13. Philosophicum Lech
Vom Zauber des Schönen
Reiz, Begehren und Zerstörung
Freitag, 18. September 2009 um 17.00 Uhr
Vom "Arkadien im Herzen Europas" zur Sport-, Event- und Funregion.
Die "schönen" Alpen zwischen Bewunderung und Langeweile
Univ. Prof. Dr. Werner Bätzing
Referent
Zur Person
Geboren 1949 in Kassel und wuchs in einer Pfarrersfamilie im ländlichen Raum Nordhessens auf, zuerst im damals noch sehr traditionell geprägten Dorf Istha, ab 1956 in der Kleinstadt Fritzlar. Nach dem Abitur 1968 studierte er Evangelische Theologie und Philosophie an der Kirchlichen Hochschule Bethel bei Bielefeld und an den Universitäten Tübingen und Heidelberg, was er im Sommer 1974 mit dem Ersten Theologischen Examen in Heidelberg abschloss. Angeregt durch seinen Hochschullehrer, den Heidegger-Schüler Wilhelm Anz (Bethel), bildete die Auseinandersetzung mit Fragen der Naturphilosophie und Naturzerstörung bereits vor dem Einsetzen der Ökologiebewegung einen Schwerpunkt in seinem Studium, und parallel dazu entwickelte sich bei ihm allmählich ein Interesse für gesellschaftspolitische Fragen.
Nach dem Studium ging er 1974 nach Berlin und arbeitete dort ein Jahr lang als Religionslehrer an einem Gymnasium. Weil er sich aber mit dem Christentum nicht mehr identifizieren konnte, kündigte er und suchte sich eine Lehrstelle. Von 1976 bis 1978 absolvierte er eine Ausbildung („Lehre“) zum Sortimentsbuchhändler (Landkarten und Reiseführer als Spezialgebiet) und war anschließend bis 1981 in verschiedenen Berliner Buchhandlungen und Verlagen als Buchhändler und Buchhersteller tätig. Dabei besaß das Engagement in der Gewerkschaft „Handel, Banken, Versicherungen/HBV“ (heute: ver.di) einen wichtigen Stellenwert für ihn.
Mit dem Umzug nach Berlin im Jahr 1974 veränderten sich seine Urlaubsbedürfnisse: An die Stelle der Suche nach Distanz zu den mitteleuropäischen Selbstverständlichkeiten (deshalb zwischen 1969 und 1974 längere Reisen nach Israel, in die Türkei, auf den Balkan und im Mittelmeerraum) trat jetzt die Suche nach Distanz zur hektischen Großstadt Berlin.
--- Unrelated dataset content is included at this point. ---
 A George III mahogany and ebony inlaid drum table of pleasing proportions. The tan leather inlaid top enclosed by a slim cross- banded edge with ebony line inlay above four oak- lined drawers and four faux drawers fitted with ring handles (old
In dieser Situation wurde die Erinnerung an die Alpen – die er zwischen 1964 und 1967 in Gsteig/Berner Oberland kennen gelernt hatte – wieder wach. Deshalb fuhr er im Sommer 1976 von Berlin in die Alpen, ins Ötztal, was aber gar nicht seinen Erwartungen entsprach. 1977 war er dann das erste Mal in den südpiemontesischen Alpen, die ihn sofort so stark faszinierten, dass er 1978 eine Zeit der Arbeitslosigkeit nutzte, um drei Monate lang durch die gesamten Südwestalpen – von Menton an der Riviera bis nach Aosta – zu wandern.
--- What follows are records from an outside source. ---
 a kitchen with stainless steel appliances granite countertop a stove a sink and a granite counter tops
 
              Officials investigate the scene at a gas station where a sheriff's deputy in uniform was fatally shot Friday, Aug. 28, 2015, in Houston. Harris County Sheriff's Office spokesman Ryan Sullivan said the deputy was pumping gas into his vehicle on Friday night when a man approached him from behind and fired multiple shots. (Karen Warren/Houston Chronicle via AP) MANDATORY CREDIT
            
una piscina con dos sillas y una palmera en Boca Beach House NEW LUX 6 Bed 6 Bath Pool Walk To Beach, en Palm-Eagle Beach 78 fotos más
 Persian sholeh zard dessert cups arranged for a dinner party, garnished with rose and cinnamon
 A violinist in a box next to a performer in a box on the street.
Seit dieser Zeit wurden ihm die Alpen immer wichtiger: Zuerst standen sie im Mittelpunkt seiner Urlaubszeiten, 1981-1982 nahm er eine selbständige Tätigkeit für die „Nordhessische Fachwerkhausbörse“ in einem Architekturbüro im Kontext des Denkmalschutzes an, um mehr Zeit für die Alpen zu haben, und von 1983 bis 1987 studierte er Geographie an der Technischen Universität Berlin, um sein Alpeninteresse fachlich zu vertiefen und eine Berufstätigkeit im Alpenbereich vorzubereiten. In dieser Zeit erschien 1984 die erste Fassung seines Alpen-Buches, mit dem er überregional bekannt wurde.
1988 holte ihn Prof. Paul Messerli an das Geographische Institut der Universität Bern (Schweiz), wo er in kurzer Zeit promovierte (1989) und habilitierte (1993) und von wo aus er zahlreiche, teilweise viel beachtete öffentliche Beiträge zur Alpendiskussion leistete.
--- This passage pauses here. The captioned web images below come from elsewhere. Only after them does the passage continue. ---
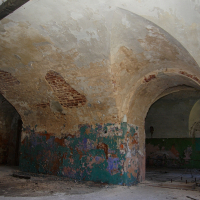 An old, abandoned interior space in Daugavgrīva with faded and peeling turquoise paint, featuring a series of brick and plaster archways leading into darkness, hinting at a history long
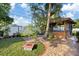 Landscaped backyard with tiled patio area and a cabana, perfect for outdoor living at 3309 W Ellicott St, Tampa, FL 33614
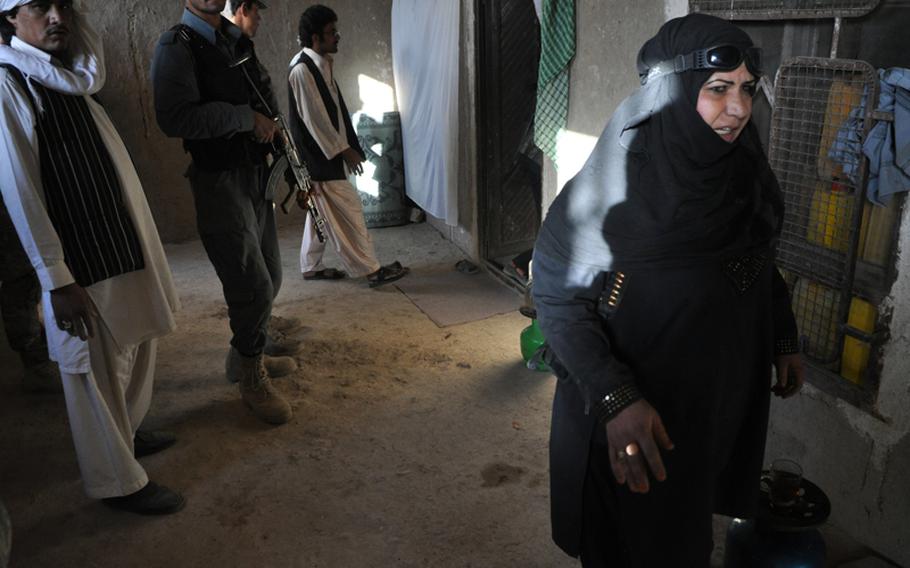 An Afghan policewoman gives orders during the search of a compound in northwestern Kandahar City this September.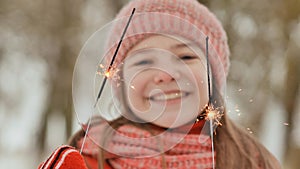 Feliz joven chica de escuela espumoso chispas de Bengala las luces Bosque sobre el víspera de nuevo anos 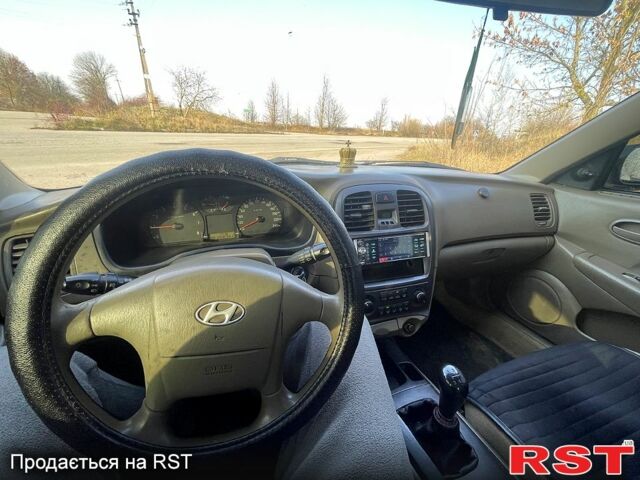 Зеленый Хендай Соната, объемом двигателя 2 л и пробегом 250 тыс. км за 3500 $, фото 6 на Automoto.ua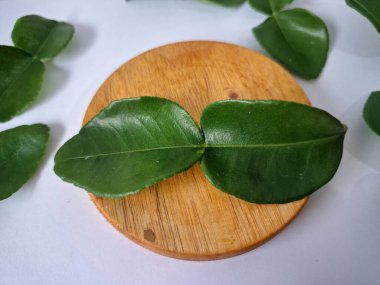 Kafir limon yaprakları. Koyu yeşil, parlak, çift katlı, güçlü, aromalı ve aromalı bir yaprak. Genellikle Güneydoğu Asya mutfağında eşsiz koku ve tatları için kullanılır.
Im Jahr 1995 erhielt er einen Ruf an die Universität Erlangen-Nürnberg, wo er seitdem als Professor für Kulturgeographie tätig ist. Nach wie vor stehen die Alpen im Zentrum seines wissenschaftlichen, politischen und persönlichen Engagements, wobei besonders die Jahre 2005 und 2006 mit der italienischen und französischen Ausgabe seines Alpen-Buches und mehreren Preisen in Italien und der Schweiz eine große internationale Anerkennung brachte. Seit dem Wechsel nach Erlangen beschäftigt sich Werner Bätzing neben den Alpen auch mit den ländlichen Räumen in der Metropolregion Nürnberg und hier besonders mit dem neuen Phänomen der Regionalprodukte und ihrer wirtschaftlichen, kulturellen und politischen Aufwertung.